I may be blowing my own horn a bit here, but the Internal Medicine News included a story, entitled, "Medical Leaders Double as Corporate Directors," on our abstract on this topic presented at the annual meeting of the Society of General Internal Medicine. It opened thus,
If accepting free pens or lunches from industry represents a potential conflict of interest for physicians, what do you call it when a medical school dean is also the corporate director of a large, for-profit health care company?
Exactly.
We found that of 125 medical schools, 65 (52%) had at least one faculty member or academic leader who was also on the board of directors of a large US public for-profit health care corporation. Furthermore, "7 [schools] reported to university presidents who also were directors of health care corporations, 11 reported to vice presidents for health affairs who were corporate directors, and 5 were lead by deans who also were health care corporate directors. Also, 11 schools had academic medical center CEOs who were corporate directors, and 22 schools had at least one [such] top leader who also was a director of a health care corporation." My summary was,
The bottom line is that a substantial portion of medical schools are led or influenced by people who are also obligated to have ‘unyielding loyalty’ to stockholders of forprofit health care corporations.

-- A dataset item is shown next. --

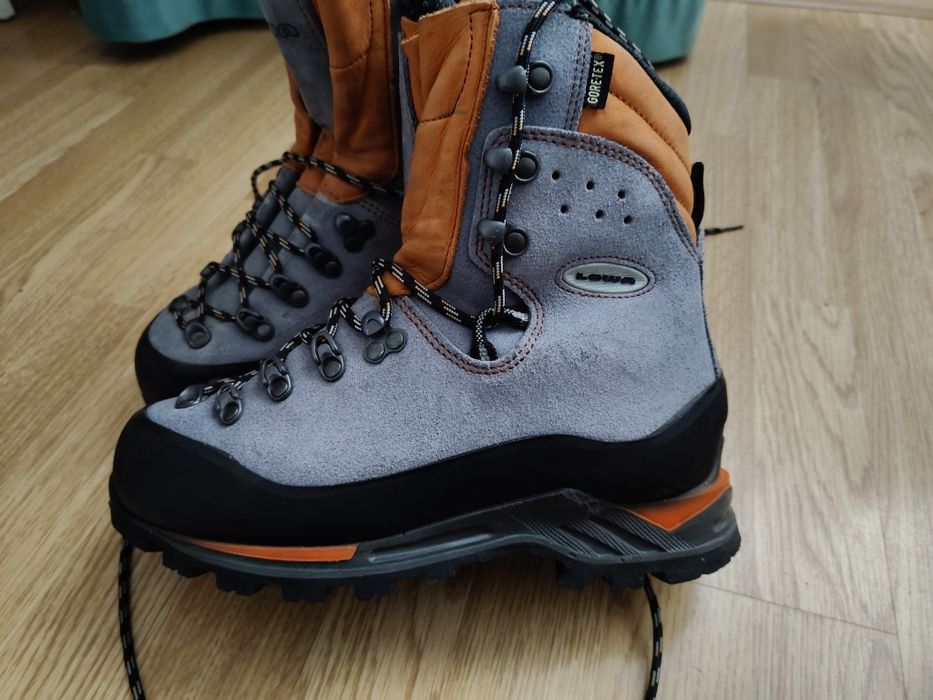 Bocanci de munte dama Lowa Goretex,mărime 38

The report also featured some rather pessimistic comments by Nicole Lurie,
There are a lot of factors at play, including how aware you are of the potential
conflict and how much transparency protects you from acting in a conflicted way if you are conflicted.
Many physicians in practice don’t perceive a conflict at all. The first thing is to
open yourself up, look at yourself, and examine the issue. Then you have to think,
if these relationships exist, are there things you can do to make them work, because
I don’t think as a matter of public policy that we’re going to succeed in obliterating all these relationships.
Maybe if these relationships were made considerably more public there would be more support for their elimination.
By all means, toot your own horn -- nice (and scary) investigation. Excellent work!